10
Dec
2006

I DON’T KNOW IF THERE’LL BE SNOW, BUT HAVE A CUP OF CHEER

I joke about stressmas, but the truth is, I love Christmas preparations and I love Christmas. I do as much as I can to make sure that the holiday magic is there for both myself and my family. If that means knocking myself out for a month, so be it. The thing that actually causes the stress is that I can’t leave off doing all the regular daily stuff to just concentrate on the holidaze!

Christmas wouldn’t be Christmas without the cookies, the tree, the ornaments, the nativity and all the hope that goes with it, the decorations, the cookies, the smell of pine and cinnamon, the COOKIES, the presents wrapped gaily under the tree, and the feeling of peace and optimism in the air. It doesn’t take presents and it doesn’t take snow and it doesn’t take a belief in Santa.

I knock myself out putting together a letter and writing and addressing cards because I want people to know I’m thinking about them, and to fill them in on what we’ve been up to, and because I love getting cards in the mail myself.

I knock myself out getting all the decorations unpacked and set out, and decorating the tree because I want the people who come over during the holidays to feel like they’ve entered a warm and magical place full of pretty lights and colored balls and silver reindeer that might…might take a leap into the air at any moment. I knock myself out to preserve and continue the traditions that I hold dear, that remind me of home and childhood, to give those as the biggest gift each year to my own children so that they, too, will think there is something special in the air, something worth working hard to create and uphold.

I knock myself out collecting gift ideas for my family, and finding perfect presents throughout the year, because I think gift-giving should be a fun and personal thing (even if the last-minute stress to finish in time isn’t always fun). It makes me feel good to give someone something they want or need. It’s a joy to see the excited smiles on my children’s faces and the mounting anticipation as the day draws near, and it’s a thrill to watch them learn the joy of gift-giving for themselves. This year, they have both been busy and secretive with things they are making and preparing and wrapping (with much tape) as gifts for others. And yes, of course, it’s fun to get things I want and need, too. 🙂

The music of Christmas makes me happy. Our concert today was wonderful. It was at Katrinetorp, during a huge Christmas market and we performed in the large salon of the old manor house with its high ceilings and trompe l’oeil wall murals.
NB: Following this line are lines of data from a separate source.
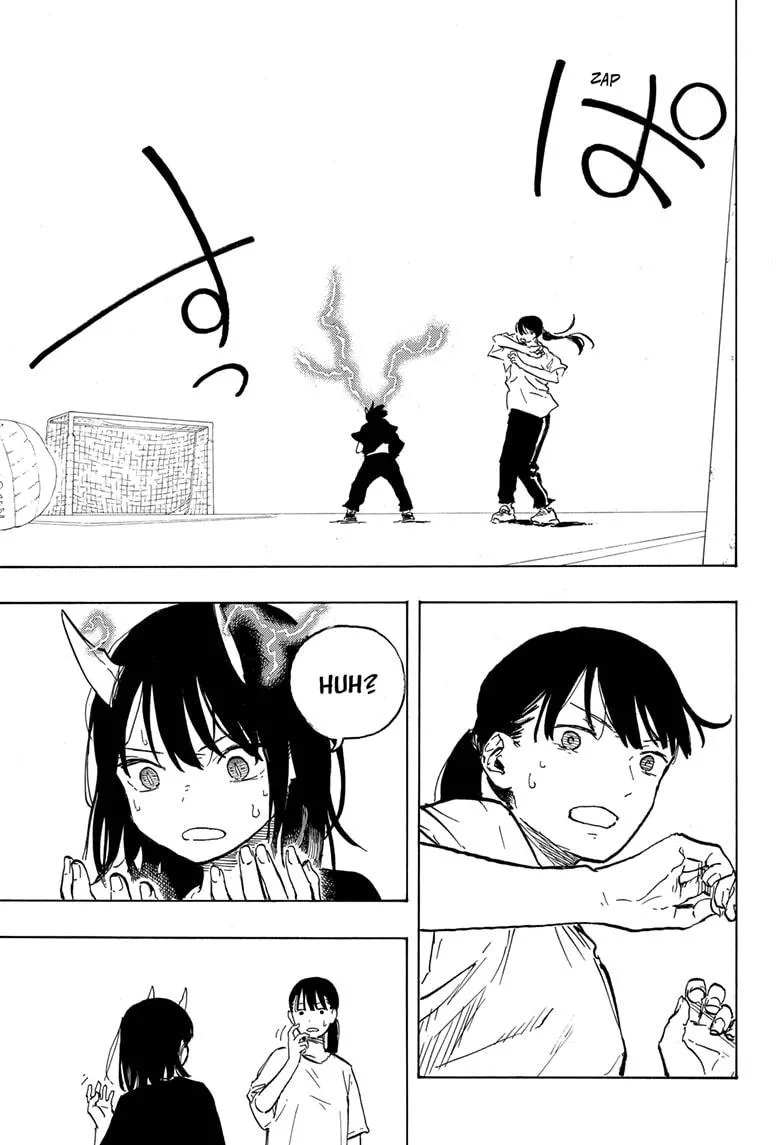 Read Ruri Dragon chapter 10 image 4 on Lezhin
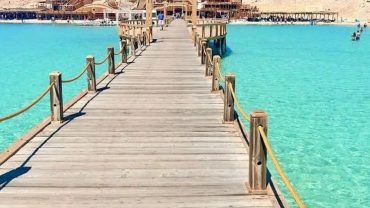 Orange Bay Island Boat Trip  (Snorkeling & Water Sport & Lunch) - Flyberry Tours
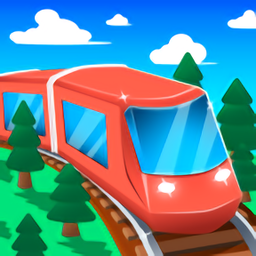 铁路规划师小游戏(Train Master) v1.1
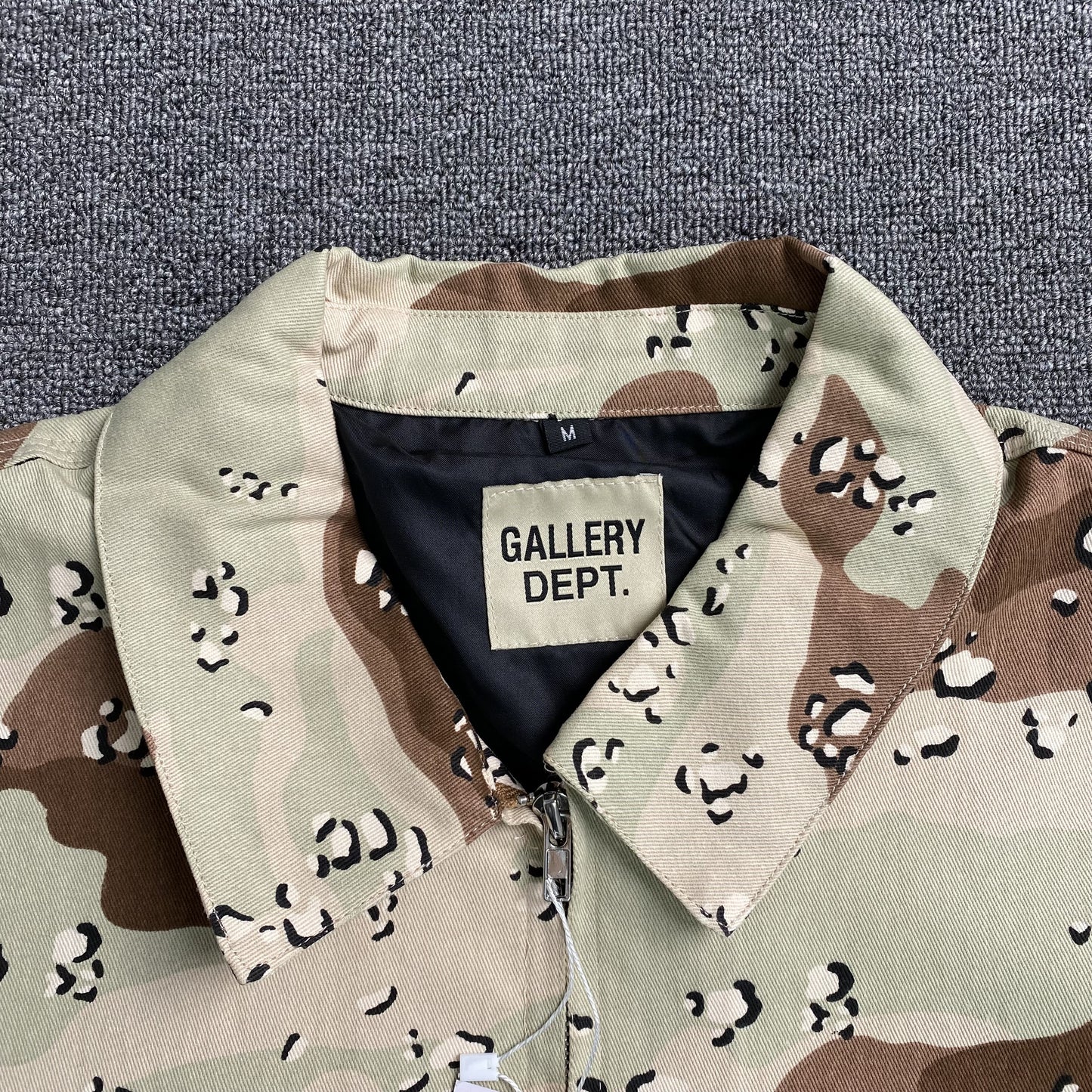 Gallery Dept Jackets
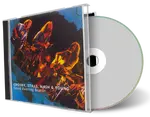 Artwork Cover of CSNY Compilation CD Good Evening Boston Audience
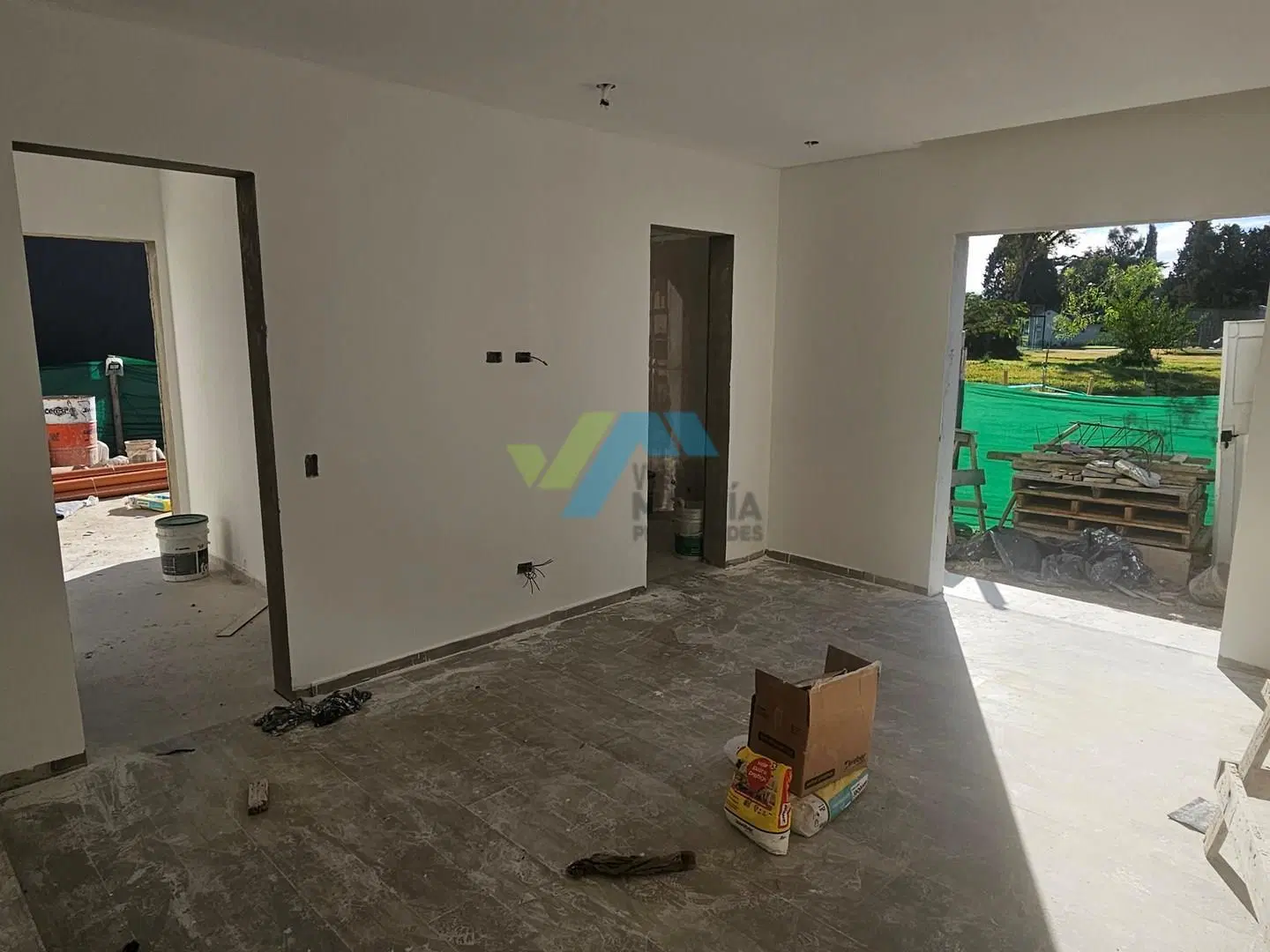 Casa  en Venta en Santa Sofía, Pilar del Este, Pilar 8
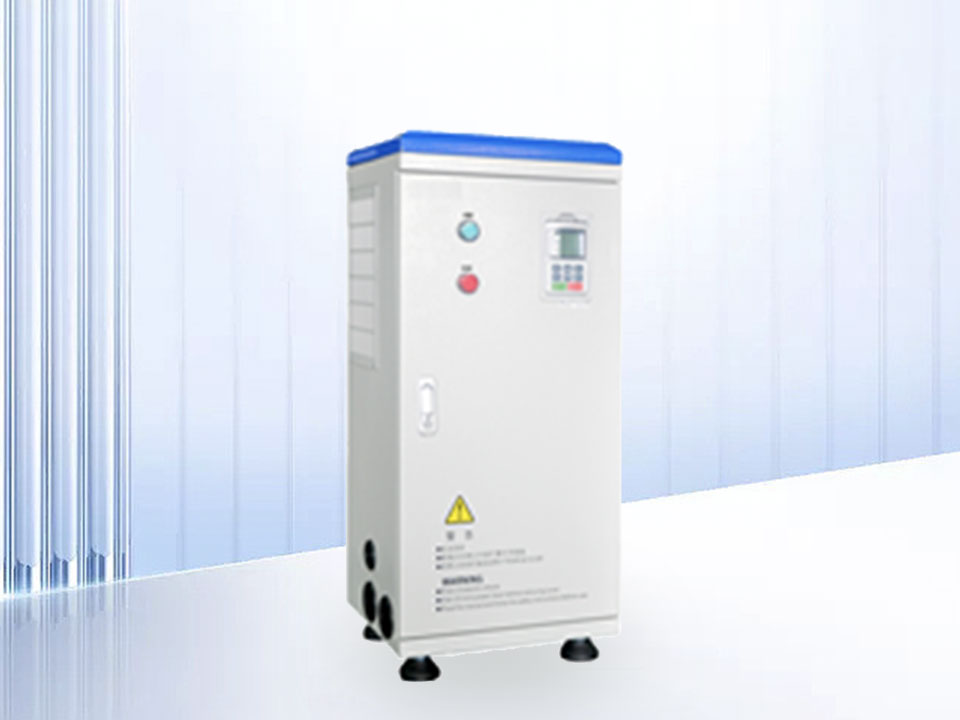 注塑機電液伺服智能節電控制裝置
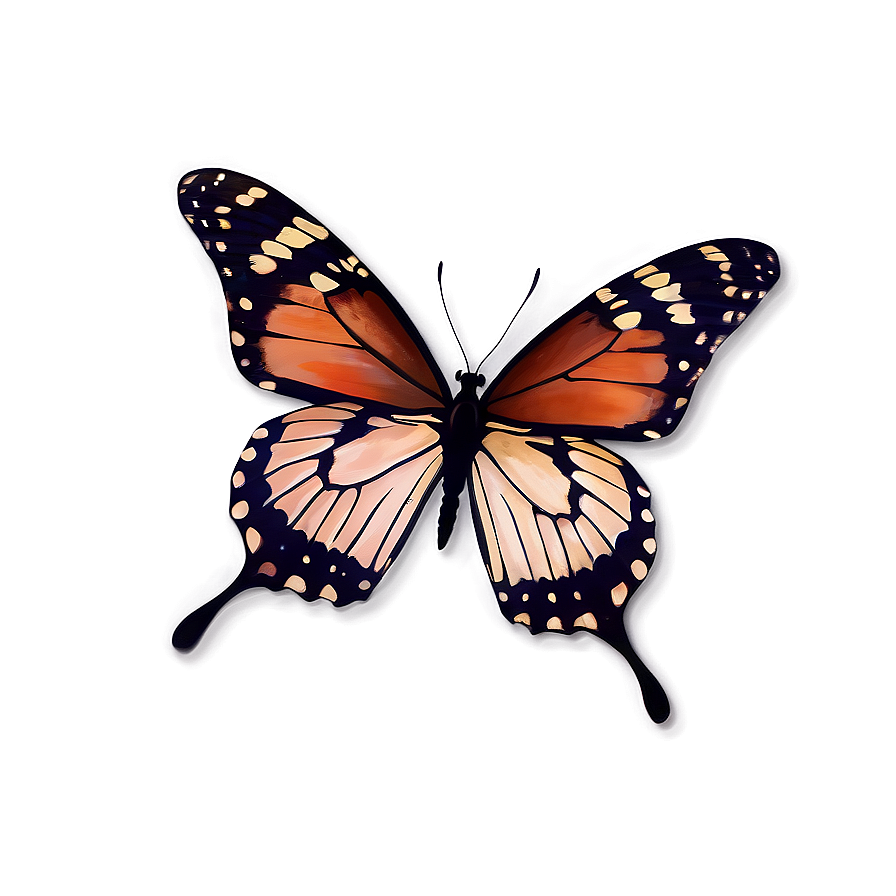 Butterfly Eden Png Uis8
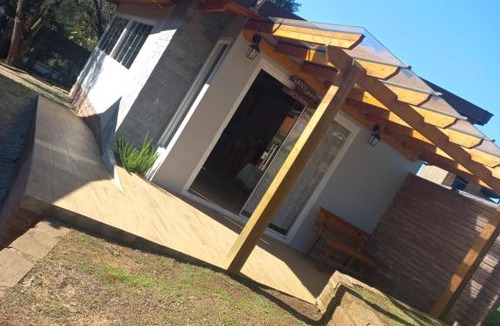 Sao Francisco de Paula House | Recanto Casa da Nó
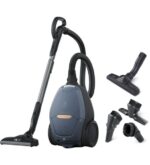 Vacuum cleaner ELECTROLUX PURE D8 PD82-8DB SILENCE - imagine 2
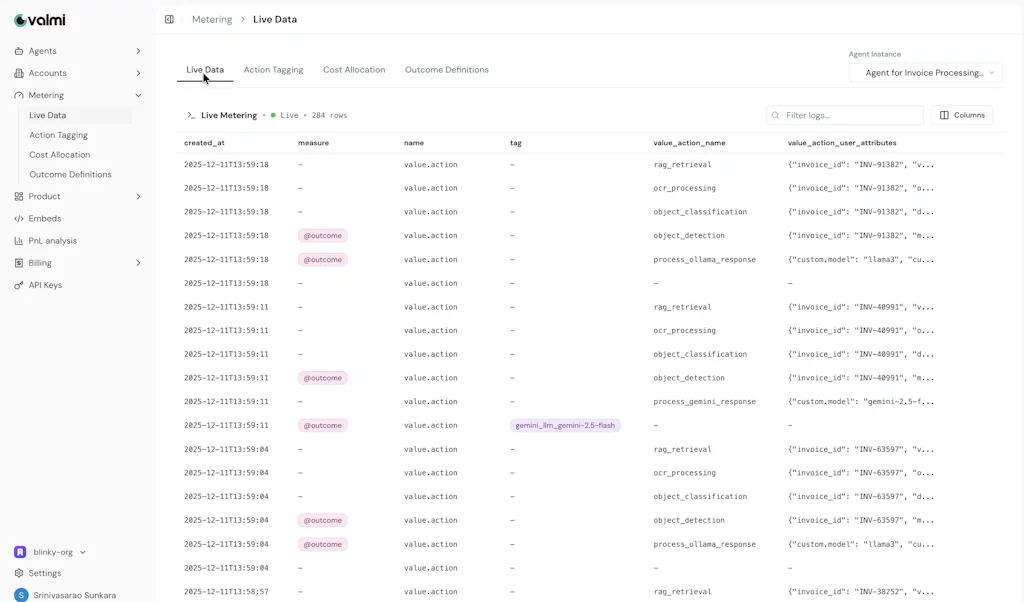 Valmi Value screenshot 2 of 3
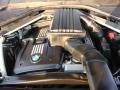 2007 Deep Green Metallic BMW X5 3.0si  photo #30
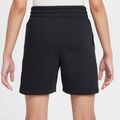 Spodenki treningowe dziecięce Nike Multi Dri-FIT black/smoke grey/black/white 7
We sang in Swedish, Italian and English. The room was nearly full when we started and as people heard the singing, more and more came in until the back of the room was 3-deep in spectators. We rocked through Staffansvisan, Santa Baby and Rudolf Med Röda Mulen, and swung through White Christmas and Were You There on That Christmas Night? and crooned through several others. People were singing along, smiling, nodding their heads in time to the music. They applauded louder with each consecutive song. I felt like we were hovering off the floor by several inches.

Afterwards, I walked through the market, soaking up the smell of cinnamon and apples, but since I didn’t have any cash on me I didn’t look too closely at anything. Then I flew to IKEA and I have never, in 10 years, EVER gone through IKEA so fast. I swear it’s true, I was there for maybe 15 minutes and there was NO LINE in front of me when I went to the cashier. Granted, I went straight to the bath department and grabbed the shower curtain liners I was there for, but a few other items managed to jump in my bag on my way to pay (wrapping paper, carrot-cake-scented tea lights, glass candle bases). I swung by a mall that is on the way home and picked up the printer toner and batteries and now the Christmas cards are 2/3 done and both trees have lights and the big tree is 1/3 decorated.

I may actually finish everything with a couple of weeks to spare if I keep up this pace!

Candy-Coated Cupcake Birthday Wishes to fiveandfour and tallefjant!